Sunday, May 18, 2008

First Class ticket back to Fes

It is a fiercely windy day here in Fes and it seems as if all day it was just about to rain, but it hasn't. I, notetaker am finally "at home" after a week in Jordan followed by ten days of playing tour guide to friends visiting Morocco from America.

Yesterday after saying goodbye to my friends, I gathered myself and with half excitement, half reluctance i gathered my things and headed towards the downtown Rabat train station to buy a first class train ticket to Fes. Yes - when it comes to riding the train I insist on first class it is only 40 dirhams more than 2nd class, but it generally means a quiet enclosed car with only 6 people and less worrying about theft.

But you never know who the other people you are going to get in the car with you will be. I always pray for one or two other really quite women. Sometimes i get this.
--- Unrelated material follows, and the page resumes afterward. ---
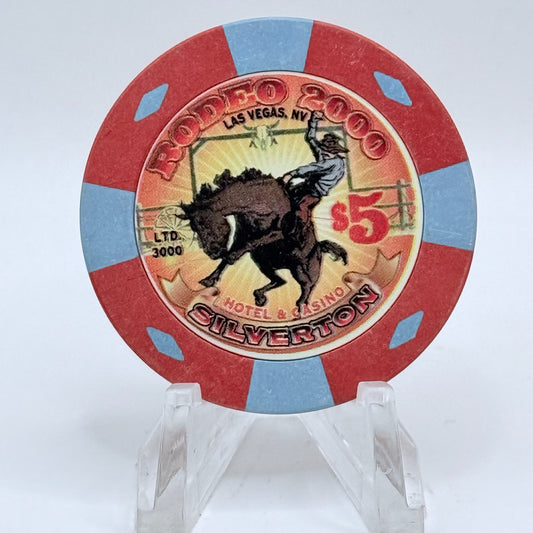 Silverton Las Vegas Nevada 2000 'Rodeo' LE $5 Casino Chip V7450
Yesterday hoever i got : one Moroccan woman, one Moroccan man - asleep when i entered the train car with his laptop on his lap. One man from SubSaharan Africa who seemed to have just arrived to Morocco and was doing his best to figure things out quickly; to men from Bahrain- the Arab country in the Persian Gulf. One had lived in Morocco for some time, for the other it seemed to have been his first visit.

The two men from Bahrain were the talkers of the trip and i found their conversation to have been the perfect conclusion to my tour guide days. I must admit that i was a bit annoyed by their talking, partly because i wanted a quiet ride, and partly because theirs was a running conversation filled with comments about Morocco that I found a bit misinformed and over simplified.

The one man who had been in Morocco for some time pointed out things for his friend, like the name of the towns the train stopped at; although this was generally written on the sign outside the stop. He also pointed out the different fruit trees and crops growing in the field. His friend was really impressed by the bountiful agricultural fields of Morocco.

At one point the man from Sub-Saharan Africa began to ask another man on the train if we were close to Fes, he asked this in French and the Moroccan man responded in French because presumably the man form Sub-Saharan Africa did not know Arabic. This interaction brought some immediate comments from the two men from Bahrain. "Oh how they have been overwhelmed by French" they commented in their Gulfi Arabic dialect. I wondered if they thought the other people on the train did not understand them or if it just didn't matter to them if the Moroccans on the train found the things they said offensive. I wondered if they had realized that the Sub Saharan African man did not know Arabic....

Then there was a comment about how many Moroccans are members of Sufi brotherhoods, tariqas. This was also said with a tinge of condescending judgement. As we near the town of Meknes one of the Bahraini men gets on his cell phone and trying to speak in the Moroccan Arabic dialect calls a woman and tells her that he will be home soon and that he is hungry. oh how perfect for this man to have a Moroccan wife!

God forgive me is this all useless talking about people? I think i began retelling this story because I am just so tired of the tired generalizations made by tourists, academics, and Arabs from the Eastern Muslim lands about Morocco - there is such spiritual and material bounty here - and kindness!

I hope i get a chance to share some pictures and a few notes from all the traveling i have been doing both outside of and within Morocco in the next few posts.

Peace

1 comments:

mumblz said...

Asalaamu alaikum, i am really enjoying your blog, i just found it today and can not stop reading. your notes are authentic to someone that has never been to north africa. i cant wait to show my friend to see how much it makes her think of Morocco. keep up the hard work for the sake of Allah.